That being said, I never get very much sleep these days. This means always feeling run down during the day. Trying to keep the diet healthy helps to a certain degree in dealing with PTSD symptoms. But they're still there.

Set boundaries and try to protect yourself. At times I have no TV days. Sometimes, just no noise. I've thought about trying to go to some retreat somewhere. What about moving to one and being able to walk on the beach or go run? Sometimes I just sit and try to focus my chi. But it's always a battle.

Protect yourself.

Wednesday, February 1, 2017

Protect Yourself

Fight symptoms all day long. Stay away from salt and sugar as much as possible. Pay attention to small things in how you feel. Set boundaries and if necessary, turn everything off.

I know it's not my fault. But you still feel paralyzed. Does this ever go away? No. Then again, I'm doing the right things to protect my well being.

Don't dissociate. Do something else. Protect yourself.

Tuesday, January 31, 2017

Fighting Symptoms

Another day of fighting symptoms. Clean up a lot on the laptop to protect yourself. How many paid trolls are online? Be proactive instead of passive in a good way.

Also, protect yourself.

Monday, January 30, 2017

Fighting for Some Stability

More of fighting symptoms and trying to not get caught in a what's-the-point-of-continuing loop of thinking. You have to protect your well being as best you can. Some days I have no TV and no noise. Just peace an quiet. I want to feel safe in my own home.

I can admit I'm a rape survivor. I know it wasn't my fault. But the symptoms are still there. By the end of the day what else can you do?

Protect yourself.

Friday, January 27, 2017

Recognize the Signs

Individually, I can't kick Trump out of the White House. But I can point out that mentally ill people do not belong in that job. Trump believes that torture works. You might say, well at least he doesn't have that ridiculous bullshit hang up about saying "enhanced interrogation techniques" instead of torture. That being said, keep these in mind:

Torture never works.
You will say and do ANYTHING to make it stop.
I know from first hand experience. I was tortured by 3 psycho pedophiles.
There is no cure for PTSD.
Some torture survivors end up having psychotic breaks because of it.
Anyone who thinks torture is good is mentally ill.

The corporate press won't say Trump is mentally ill because they're scared to death of him. If I criticize him, he'll get me fired. Even if I'm telling the truth (he's a habitual liar, racist, mentally ill and more), that doesn't matter. The tiniest criticism of him must be instantly crushed.
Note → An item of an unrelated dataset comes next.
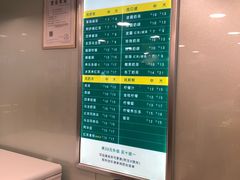 -1点点(望京万象汇店)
Every person in the media is the enemy. We must destroy them at all costs.

Now, what are other world leaders saying about Trump? Are they scared? Are they laughing hysterically? What kind of psychological profile files do foreign intelligence services (MI6, Mossad, CSIS, ASIS and others) have on Trump?

I can't save the world from Trump single handedly. But I can be aware and do what I can while protecting my well being. If I didn't, how could you live with yourself?

Wednesday, January 25, 2017

Pay Attention to Tiny Things

Another doctor's appointment. We talked some about body memory, an how I feel that it's flooding out. Tomorrow, a physical therapist for more of the same. It feels like it's body memory and pain. But also, my awareness of that and balance is sharper. Chips (crisps to the rest of the world) and salsa every night? No thanks. Too acidic. I'm really trying to pay attention to p/h balance.

Protect yourself.

Tuesday, January 24, 2017

Pain and Symptoms

Fighting symptoms and body pain that hits at all times. What else hits all the time? Body memory. You just want to keep some sense of being grounded.

Protect yourself.

Monday, January 23, 2017

Sadness

Fighting symptoms and trying to keep some sense of being grounded. But lately there have been big mood swings. A normal part of healing from your trauma. But still rough to deal with.

You just want to protect yourself.

Sunday, January 22, 2017

Protect Yourself

How many days now? It's Day 2 of Trump World, and you don't have a choice. Everything that Trump says is a lie. The tiniest thing that makes him look less than 100% perfect at all times must in his view be instantly crushed. Anything he says is the truth. No matter how bizarre.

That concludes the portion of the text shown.